■ ABOUT THIS TASK ■
Write out exactly the lines between the line containing "1477 Wabedo Pass" and the end of the records, counting both ends, and leave out all pictures.

■ Data items ■
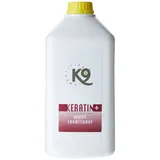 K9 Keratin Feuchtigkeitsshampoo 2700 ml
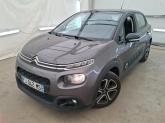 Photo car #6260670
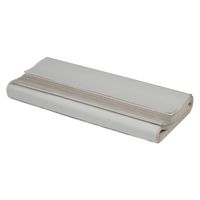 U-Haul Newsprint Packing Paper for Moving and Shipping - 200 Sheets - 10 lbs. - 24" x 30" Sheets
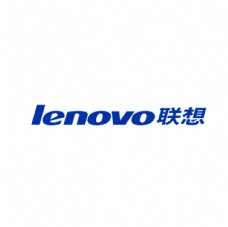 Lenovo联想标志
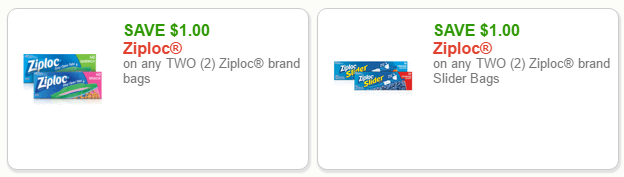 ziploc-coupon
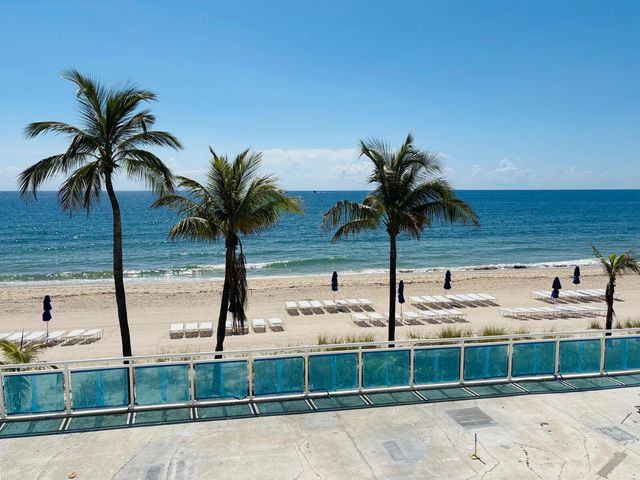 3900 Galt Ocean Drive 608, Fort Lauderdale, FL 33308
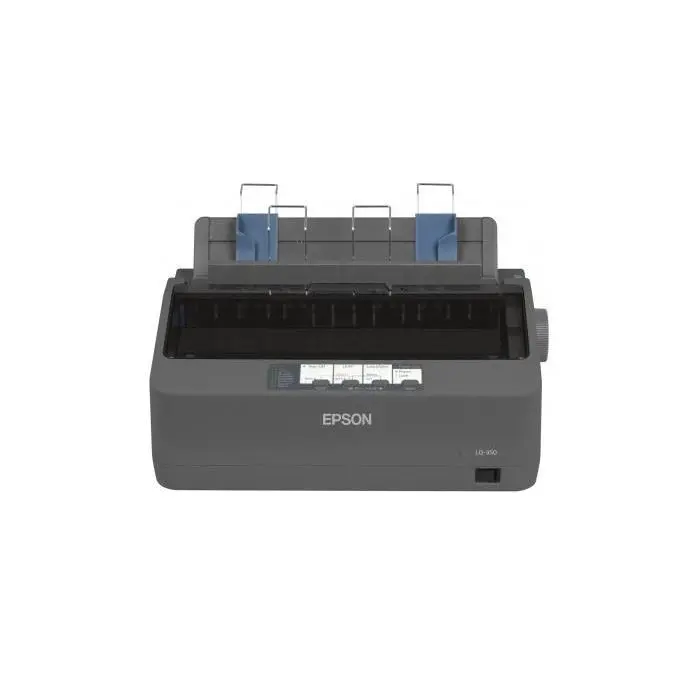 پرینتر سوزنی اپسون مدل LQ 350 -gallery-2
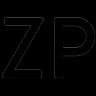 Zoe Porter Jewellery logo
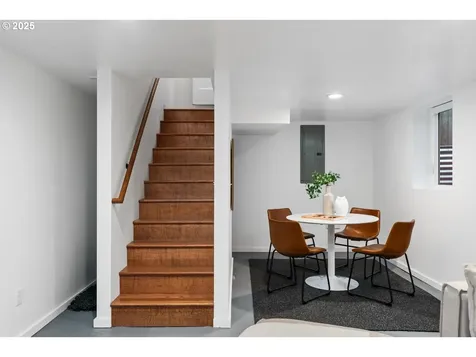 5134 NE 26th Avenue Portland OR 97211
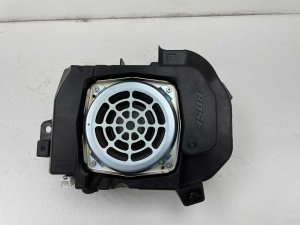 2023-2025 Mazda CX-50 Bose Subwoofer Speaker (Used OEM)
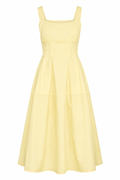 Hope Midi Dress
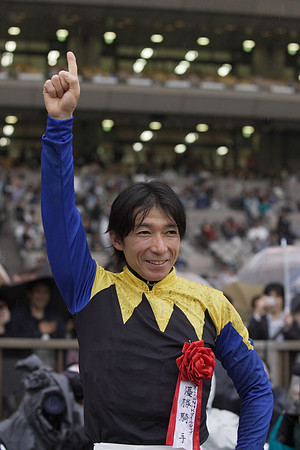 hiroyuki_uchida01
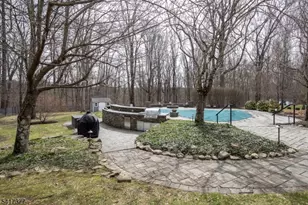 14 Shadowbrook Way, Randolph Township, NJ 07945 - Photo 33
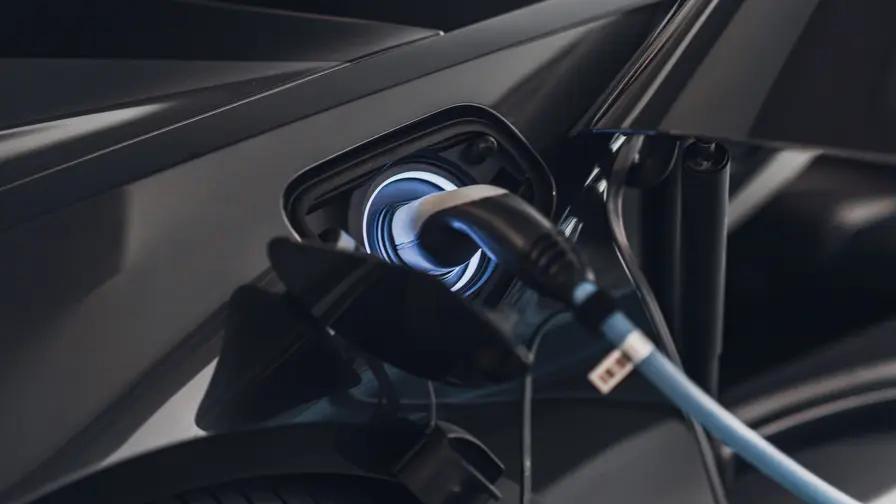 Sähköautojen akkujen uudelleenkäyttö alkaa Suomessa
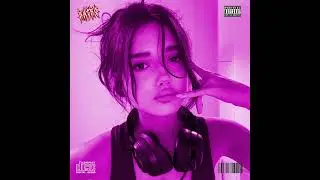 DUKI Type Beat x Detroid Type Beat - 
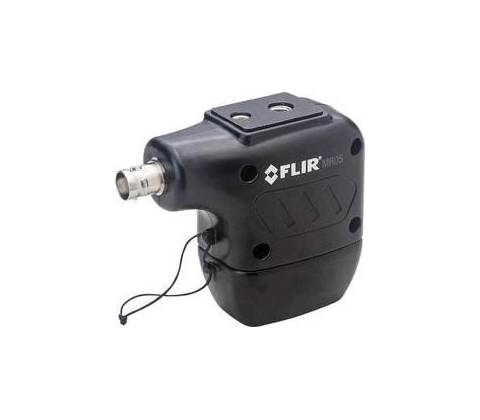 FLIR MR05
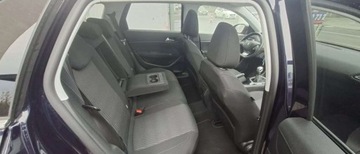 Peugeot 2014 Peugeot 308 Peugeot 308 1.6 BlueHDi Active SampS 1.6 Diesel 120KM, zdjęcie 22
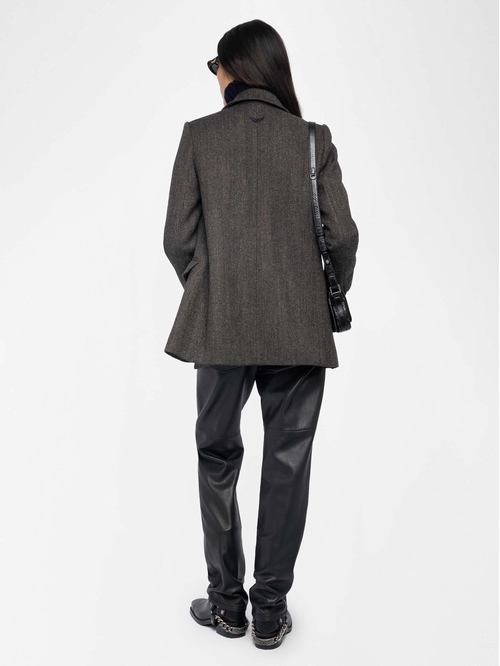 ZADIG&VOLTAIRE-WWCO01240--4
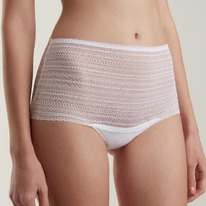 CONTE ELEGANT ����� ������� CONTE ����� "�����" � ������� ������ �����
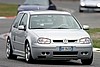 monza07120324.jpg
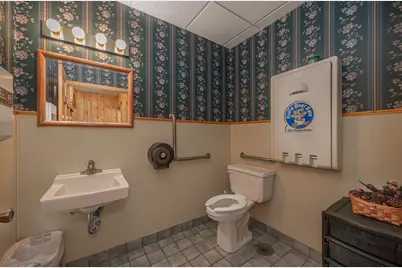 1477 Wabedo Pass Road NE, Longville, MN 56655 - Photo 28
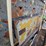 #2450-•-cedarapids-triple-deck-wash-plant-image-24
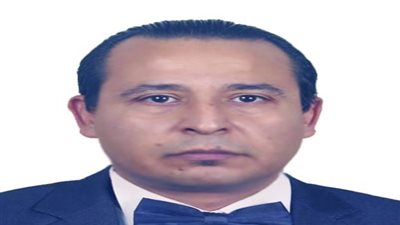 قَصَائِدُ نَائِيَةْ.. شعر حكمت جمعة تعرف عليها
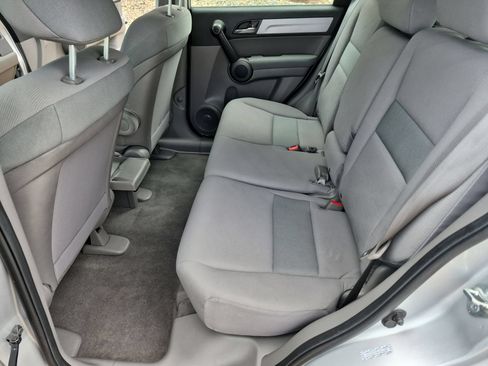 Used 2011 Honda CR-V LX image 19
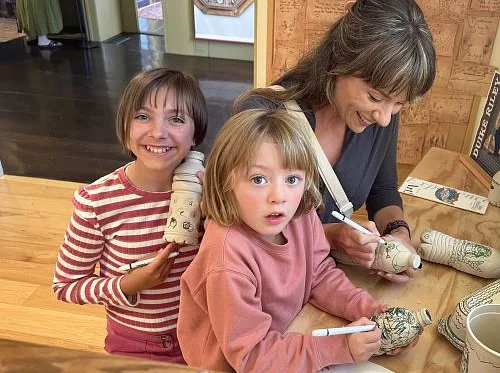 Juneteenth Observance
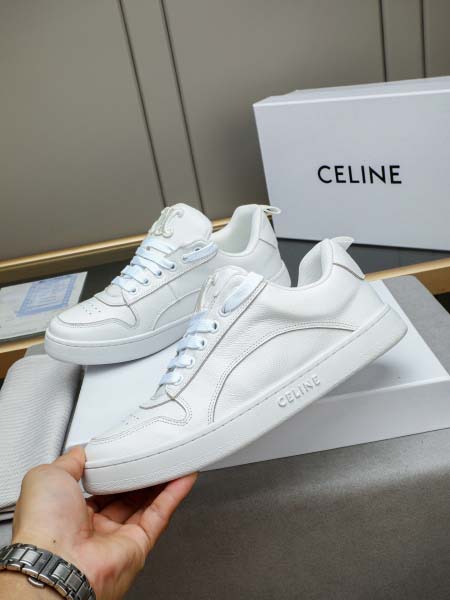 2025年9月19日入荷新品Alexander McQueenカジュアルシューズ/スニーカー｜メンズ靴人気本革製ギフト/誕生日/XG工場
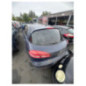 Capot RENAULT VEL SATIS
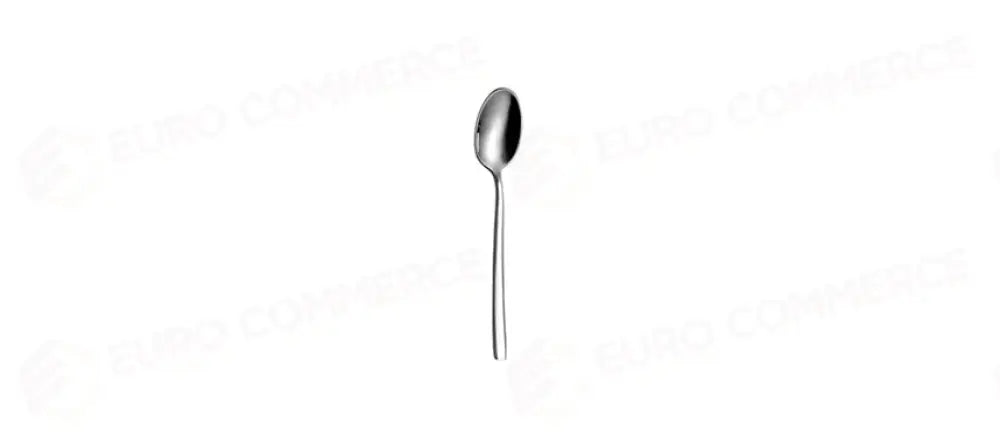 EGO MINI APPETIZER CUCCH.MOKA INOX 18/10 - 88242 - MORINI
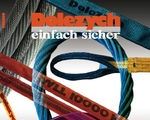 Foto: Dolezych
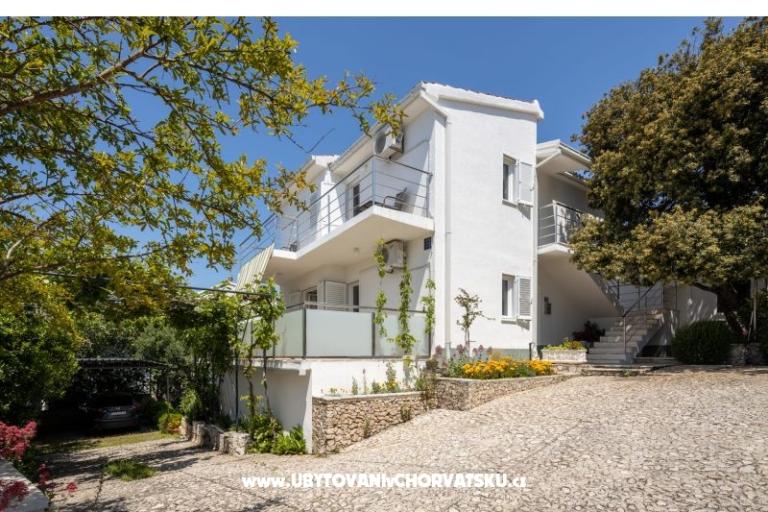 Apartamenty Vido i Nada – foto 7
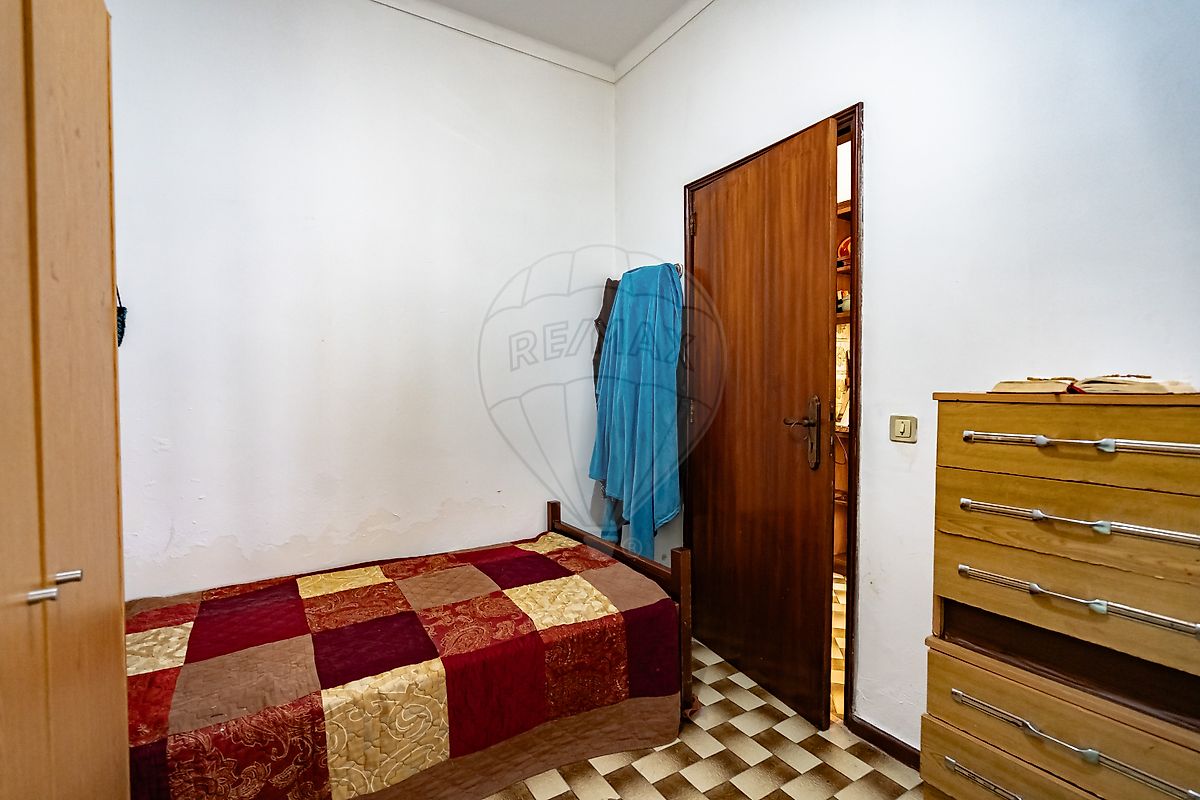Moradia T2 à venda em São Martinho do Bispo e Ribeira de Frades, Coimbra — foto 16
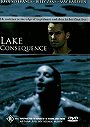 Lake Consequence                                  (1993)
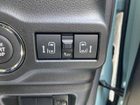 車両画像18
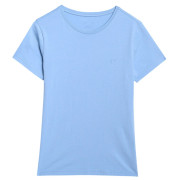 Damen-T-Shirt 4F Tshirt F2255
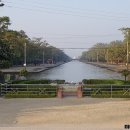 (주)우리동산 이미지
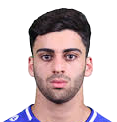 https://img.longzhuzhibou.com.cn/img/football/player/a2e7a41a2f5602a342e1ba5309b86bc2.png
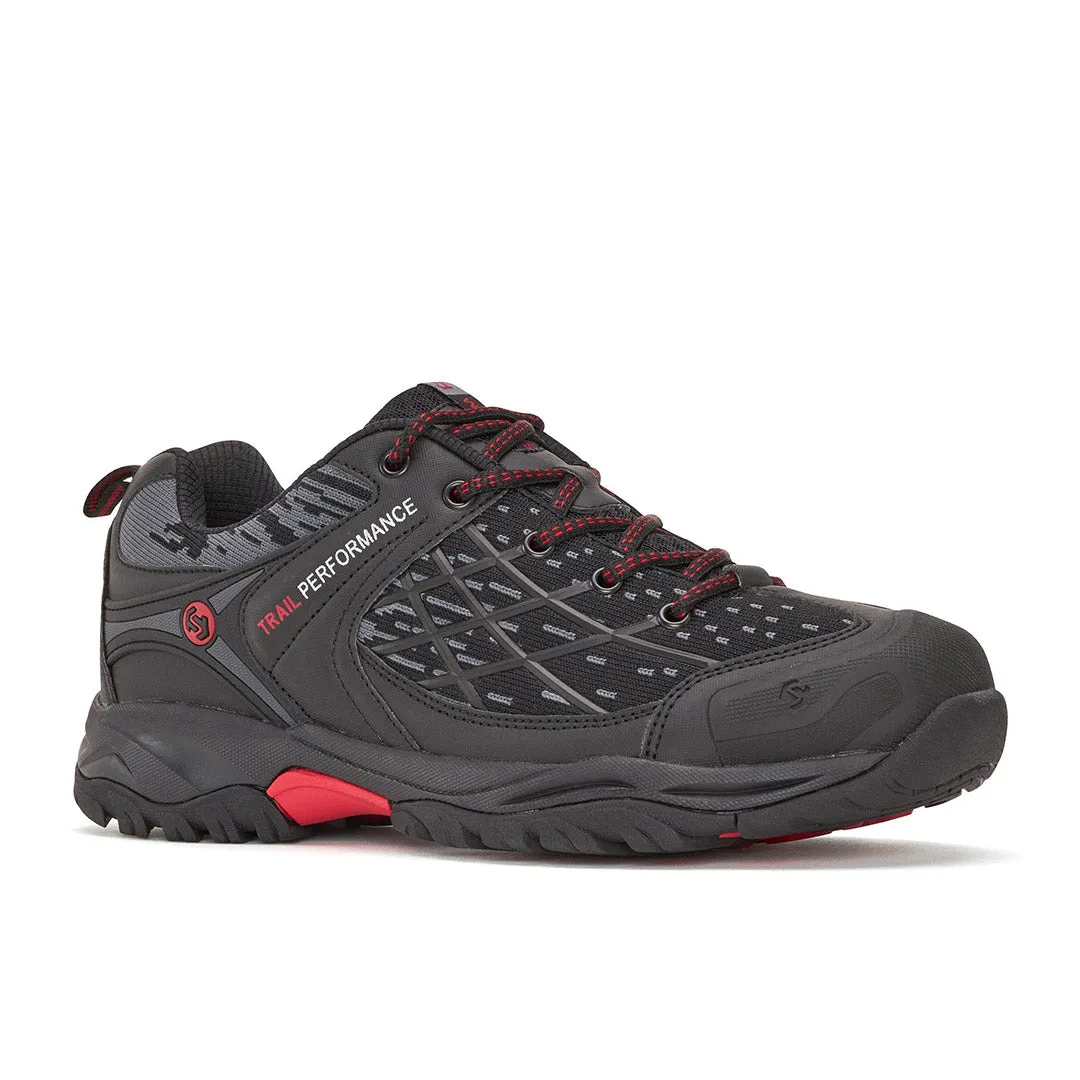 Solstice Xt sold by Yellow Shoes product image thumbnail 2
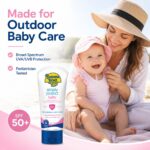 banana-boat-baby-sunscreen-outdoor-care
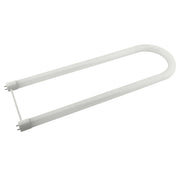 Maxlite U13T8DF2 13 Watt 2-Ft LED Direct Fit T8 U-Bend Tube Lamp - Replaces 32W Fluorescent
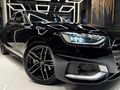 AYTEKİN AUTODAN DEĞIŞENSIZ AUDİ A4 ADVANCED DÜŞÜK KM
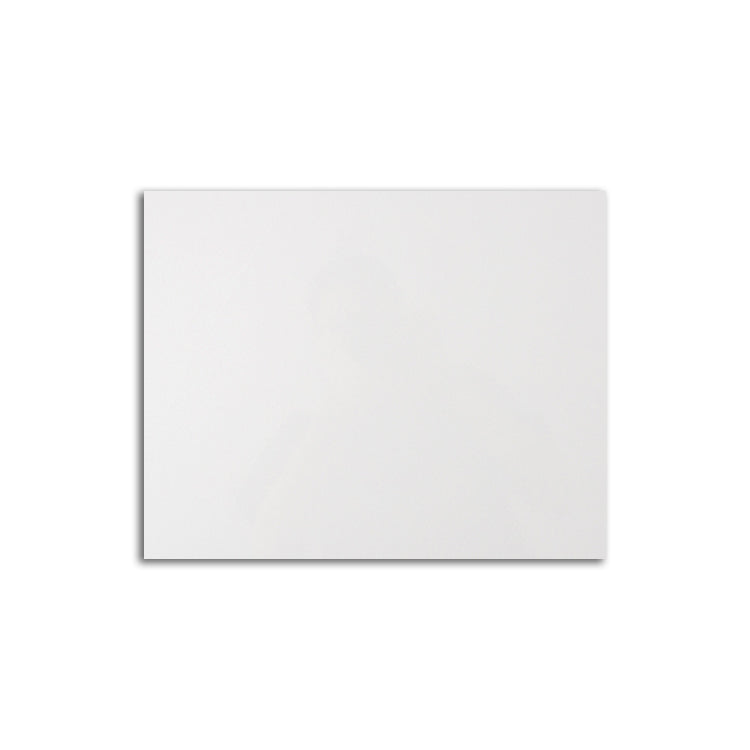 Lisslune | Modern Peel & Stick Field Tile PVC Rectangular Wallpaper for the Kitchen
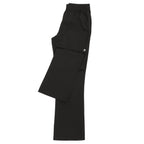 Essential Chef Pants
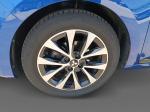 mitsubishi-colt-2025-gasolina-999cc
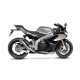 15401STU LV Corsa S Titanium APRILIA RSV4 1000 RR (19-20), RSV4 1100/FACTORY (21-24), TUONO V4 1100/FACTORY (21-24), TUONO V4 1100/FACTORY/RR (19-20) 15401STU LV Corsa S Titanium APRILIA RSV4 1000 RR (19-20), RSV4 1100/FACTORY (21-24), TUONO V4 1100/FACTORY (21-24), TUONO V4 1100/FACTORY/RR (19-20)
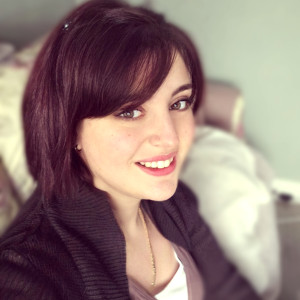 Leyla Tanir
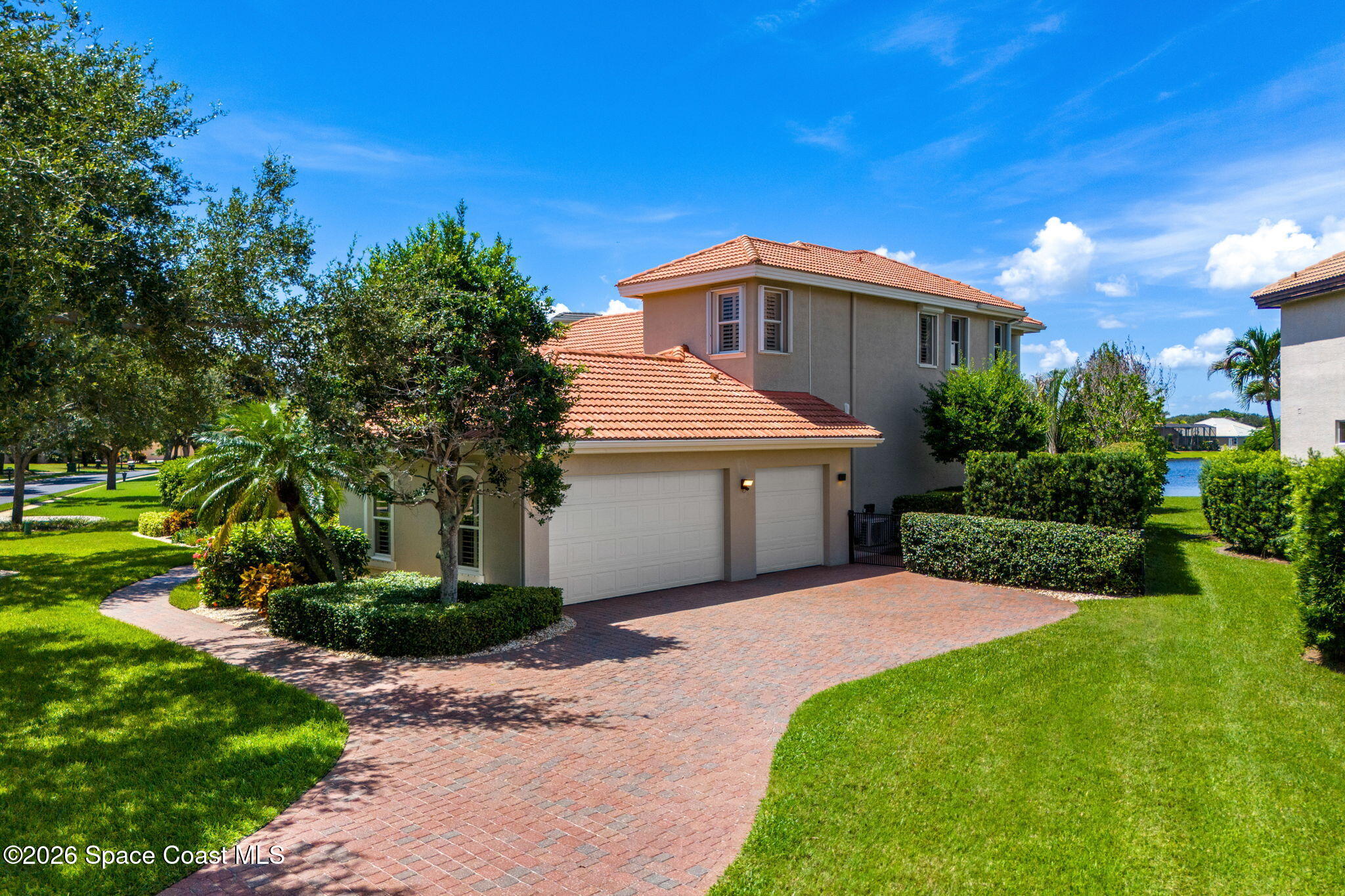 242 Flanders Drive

■ ANSWER TO THE PROBLEM ■
 1477 Wabedo Pass Road NE, Longville, MN 56655 - Photo 28
 #2450-•-cedarapids-triple-deck-wash-plant-image-24
 قَصَائِدُ نَائِيَةْ.. شعر حكمت جمعة تعرف عليها
 Used 2011 Honda CR-V LX image 19
 Juneteenth Observance
 2025年9月19日入荷新品Alexander McQueenカジュアルシューズ/スニーカー｜メンズ靴人気本革製ギフト/誕生日/XG工場
 Capot RENAULT VEL SATIS
 EGO MINI APPETIZER CUCCH.MOKA INOX 18/10 - 88242 - MORINI
 Foto: Dolezych
 Apartamenty Vido i Nada – foto 7
Moradia T2 à venda em São Martinho do Bispo e Ribeira de Frades, Coimbra — foto 16
 Lake Consequence                                  (1993)
 車両画像18
 Damen-T-Shirt 4F Tshirt F2255
 (주)우리동산 이미지
 https://img.longzhuzhibou.com.cn/img/football/player/a2e7a41a2f5602a342e1ba5309b86bc2.png
 Solstice Xt sold by Yellow Shoes product image thumbnail 2
 banana-boat-baby-sunscreen-outdoor-care
 Maxlite U13T8DF2 13 Watt 2-Ft LED Direct Fit T8 U-Bend Tube Lamp - Replaces 32W Fluorescent
 AYTEKİN AUTODAN DEĞIŞENSIZ AUDİ A4 ADVANCED DÜŞÜK KM
 Lisslune | Modern Peel & Stick Field Tile PVC Rectangular Wallpaper for the Kitchen
 Essential Chef Pants
 mitsubishi-colt-2025-gasolina-999cc
 15401STU LV Corsa S Titanium APRILIA RSV4 1000 RR (19-20), RSV4 1100/FACTORY (21-24), TUONO V4 1100/FACTORY (21-24), TUONO V4 1100/FACTORY/RR (19-20) 15401STU LV Corsa S Titanium APRILIA RSV4 1000 RR (19-20), RSV4 1100/FACTORY (21-24), TUONO V4 1100/FACTORY (21-24), TUONO V4 1100/FACTORY/RR (19-20)
 Leyla Tanir
 242 Flanders Drive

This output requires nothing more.